Sur le plan politique, Reid note que les Arméniens sont dirigés par leurs propres patriarches malgré le fait qu’ils soient les sujets de l’Empire Ottoman. Le patriarche arménien possède un pouvoir judiciaire et peut exiger lors du procès le payement d’une amende voire la peine d’emprisonnement. Cependant, il a besoin d’une autorisation directe du Sultan s’il souhaite condamner à mort un accusé reconnu coupable. Néanmoins, Reid remarque que les Arméniens constituent « une race au caractère très apaisé, qui ne suscite que très rarement l’application de sanctions » (Reid, 1840, s. 126). Cette attitude fait dire à Reid que les croyances des Arméniens de Turquie ressemblent à celles des Quakers anglo-saxons (Société religieuse des Amis). Il les définit ainsi : « Leur droiture leur vaut la confiance des Turcs, ces derniers leur confient la responsabilité de frapper monnaie et la production de la poudre à canon » (Reid, 1840, s. 126). En outre, Reid observe les relations entre Arméniens et Grecs orthodoxes sur le sol ottoman. Il souligne surtout leur méfiance mutuelle : « il se déteste ouvertement, entretiennent un ressentiment profond l’un pour l’autre » (Reid, 1840, s. 126).

La description des Arméniens réalisée par Reid nous informe de plusieurs choses. Premièrement, nous comprenons que les Arméniens ottomans connaissaient une vie heureuse, en particulier après les Tanzimat lorsqu’ils obtinrent des positions privilégiées au sein de l’administration d’Etat comme au sein des activités économiques privées. A vrai dire, ils avaient un rôle moteur au sein des activités quotidiennes et commerciales ottomanes. Comparé aux autres communautés non-musulmanes, ils avaient de grandes responsabilités commerciales et détenaient de hauts postes au sein du gouvernement. Ils ne connaissaient pas de problèmes avec le reste de la société ottomane et étaient perçus comme des sujets modèles de l’Empire. Néanmoins, les Arméniens ottomans rencontraient parfois des problèmes avec les autres sujets non-musulmans ottomans.

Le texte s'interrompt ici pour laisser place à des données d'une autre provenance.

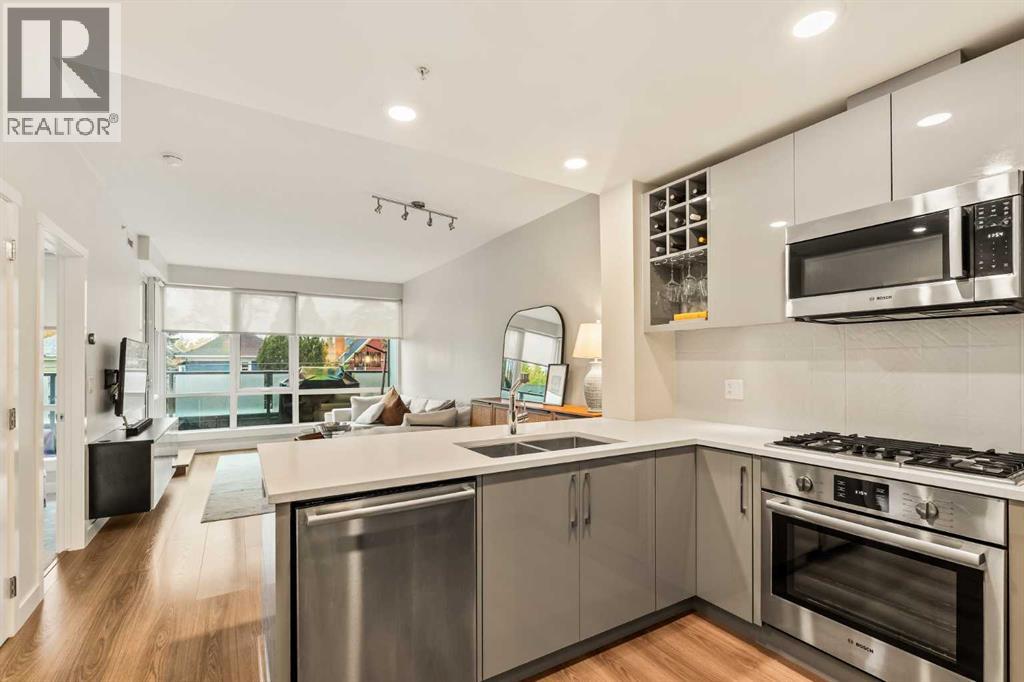 206, 301 10 Street NW, Calgary, Alberta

La loyauté de la population arménienne envers l’Empire ottoman apparaît clairement dans les ouvrages réalisés par les voyageurs européens de l’époque.

Explications

[1] Synonyme de dhimmi, ce terme fait référence aux communautés non-musulmanes de l’Empire qui payaient une taxe spécifique (dhimma). NdT

Bibliographie

Reid, John (1840), Turkey and the Turks: Being the Present State of the Ottoman Empire, London.